There's a bit of a catch-22 if you don't own any of the older Raspberry Pis that will boot the older images--how can you update the OS if the only Raspberry Pi you have is a newer one which won't boot? In your case it sounds like you have access to an older one, so you're OK. For those who don't, maybe someone will eventually post an updated soft-float version, but until then perhaps you can try the following. I haven't; it's just a theory, but at this point you don't have much to lose :-)

  1. Burn the latest Wheezy image (2012-02-09) to an extra SD card
  2. Mount this SD card on Windows
  3. Copy all the files except *gz ones which correspond to the Linux filesystem. Basically, all the boot images and configuration files
  4. Mount the SD card containing your soft-float image and overwrite the boot image files
  5. Hopefully have a beer to celebrate?

Previous post: Yes, I had this same problem. I don't know exactly what is wrong, but the start_elf image won't boot, at least with the recent set of Raspberry Pis. I can't believe Raspbian would release something that broken, so I suspect it works for some Raspberry Pis, but not others. What you need to do is:

  1. Burn the hard-float copy of Wheezy to an SD card. You're going to snatch off the boot image (which works) and copy it to the soft float one.
  2. Mount the SD card on a Windows machine. The boot partition is FAT, so you'll be able to see it. Look for the file start.elf. Copy it to your Windows machine.
  3. Burn the soft-float copy of Wheezy to an SD card and mount it on the Windows box.
  4. Replace it's start.elf with the copy from your hard-float one.
  5. Crack open a beer and enjoy.

See my related post.

Just image one card with hard-float(Raspbian “wheezy”), and the other with soft-float(Soft-float Debian “wheezy”).
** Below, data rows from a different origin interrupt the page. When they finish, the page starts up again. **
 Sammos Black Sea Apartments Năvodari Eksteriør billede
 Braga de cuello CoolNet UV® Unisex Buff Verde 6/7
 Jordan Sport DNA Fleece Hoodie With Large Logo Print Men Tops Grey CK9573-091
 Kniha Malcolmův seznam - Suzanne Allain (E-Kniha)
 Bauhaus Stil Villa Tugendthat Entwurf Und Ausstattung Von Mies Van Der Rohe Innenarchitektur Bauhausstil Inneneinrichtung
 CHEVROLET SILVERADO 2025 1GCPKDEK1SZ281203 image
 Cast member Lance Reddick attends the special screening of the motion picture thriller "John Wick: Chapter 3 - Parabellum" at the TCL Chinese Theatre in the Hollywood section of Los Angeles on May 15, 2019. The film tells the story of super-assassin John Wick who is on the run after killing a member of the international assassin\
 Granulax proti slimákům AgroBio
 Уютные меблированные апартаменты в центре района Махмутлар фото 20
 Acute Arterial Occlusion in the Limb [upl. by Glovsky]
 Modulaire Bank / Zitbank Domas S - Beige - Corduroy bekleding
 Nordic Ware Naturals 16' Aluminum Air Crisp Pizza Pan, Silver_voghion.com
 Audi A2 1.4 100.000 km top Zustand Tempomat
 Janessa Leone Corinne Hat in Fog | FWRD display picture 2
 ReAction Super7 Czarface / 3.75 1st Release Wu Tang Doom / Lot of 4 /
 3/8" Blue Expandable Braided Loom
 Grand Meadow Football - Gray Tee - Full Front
Plug both into a Windows PC and copy all files (you can see at all) from the hard-float onto the soft-float card, replacing existing ones.

Explanation: http://www.raspberrypi.org/archives/3534

P.S. You can, of course, copy those files to a temporary folder first, swap cards and then replace all files on the soft-float card with those in the temporary folder.

bootcode.bin
start.elf
fixup.dat

From Raspberry Pi SD card with this Soft-float Debian "wheezy" did not want to boot

John Scott

When you dd the image, make sure bs=1M...

After trying all the things in the other answers, it was finally the way to make it work on a latest Raspberry Pi out of the box. I've actually found this a good help with several Raspberry Pi applications/code.